Problem details:
Please give back, exactly as written, the lines from the line with "Selfie mit Erich" to the line with "Espectacular incendio en Avilés" in the listing below, leaving out all pictures.

Task input:
Content starts

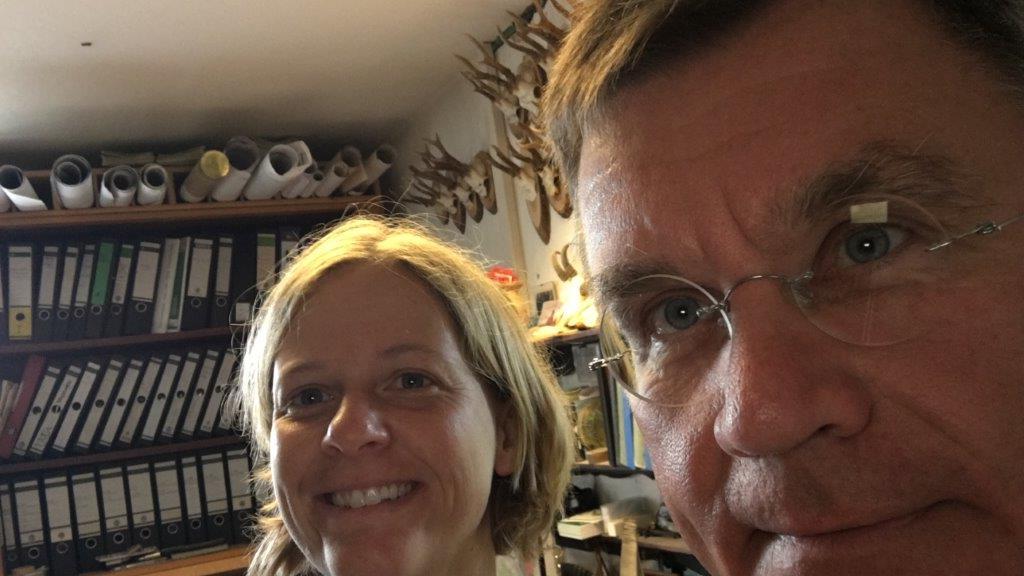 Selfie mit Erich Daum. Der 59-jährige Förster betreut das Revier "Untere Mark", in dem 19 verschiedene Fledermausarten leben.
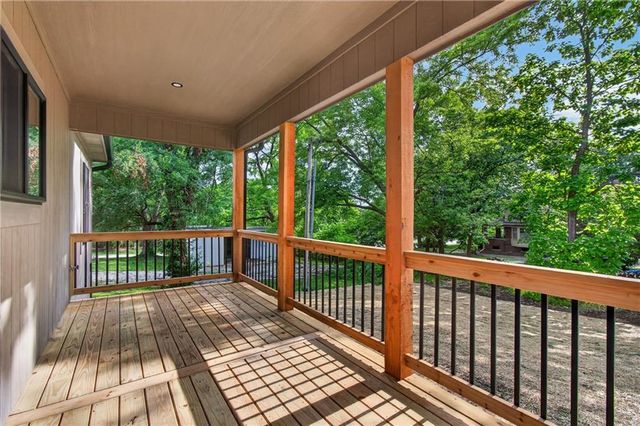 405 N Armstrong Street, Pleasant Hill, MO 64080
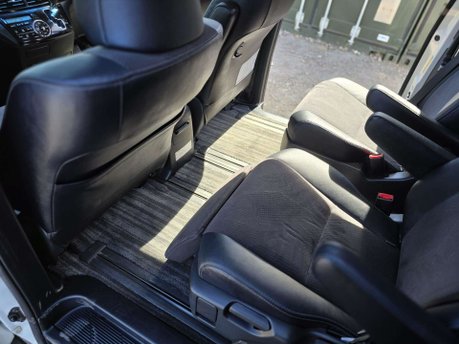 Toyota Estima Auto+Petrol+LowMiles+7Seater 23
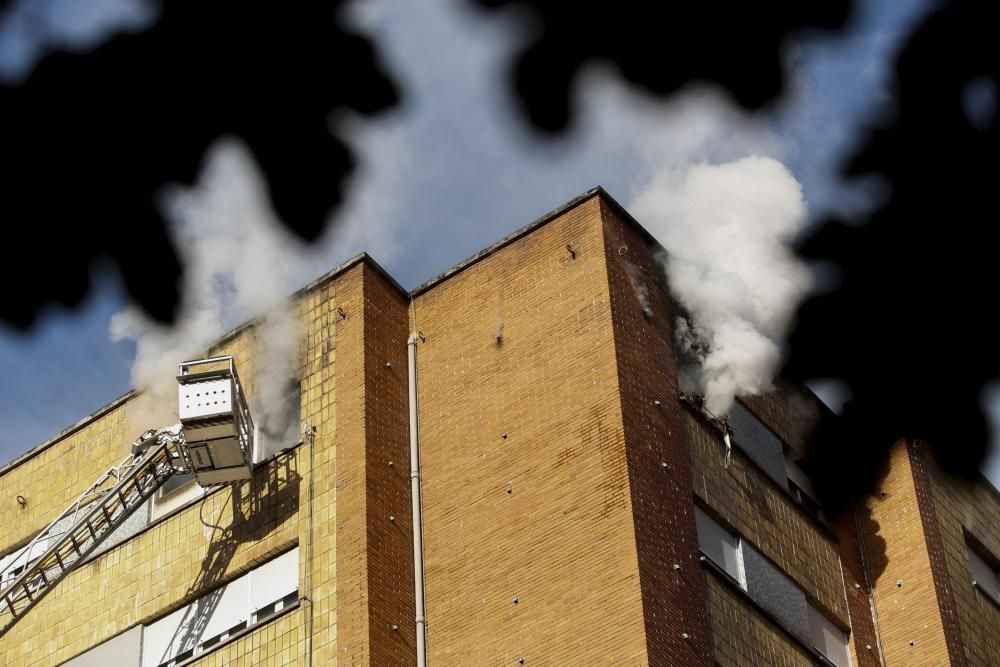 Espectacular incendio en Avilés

Content ends
Content starts

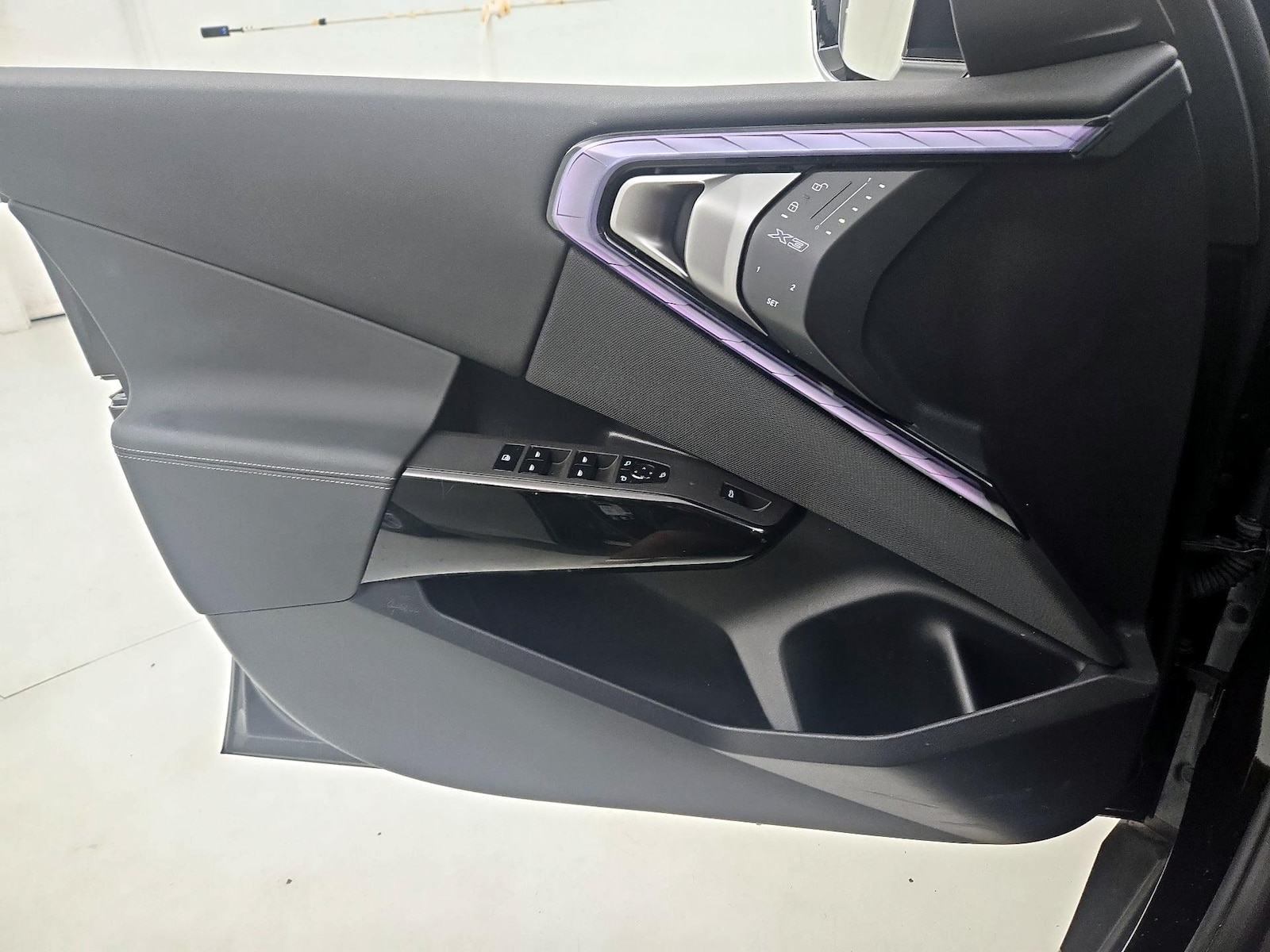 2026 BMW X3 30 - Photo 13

Content ends

Reply to the task:
 Selfie mit Erich Daum. Der 59-jährige Förster betreut das Revier "Untere Mark", in dem 19 verschiedene Fledermausarten leben.
 405 N Armstrong Street, Pleasant Hill, MO 64080
 Toyota Estima Auto+Petrol+LowMiles+7Seater 23
 Espectacular incendio en Avilés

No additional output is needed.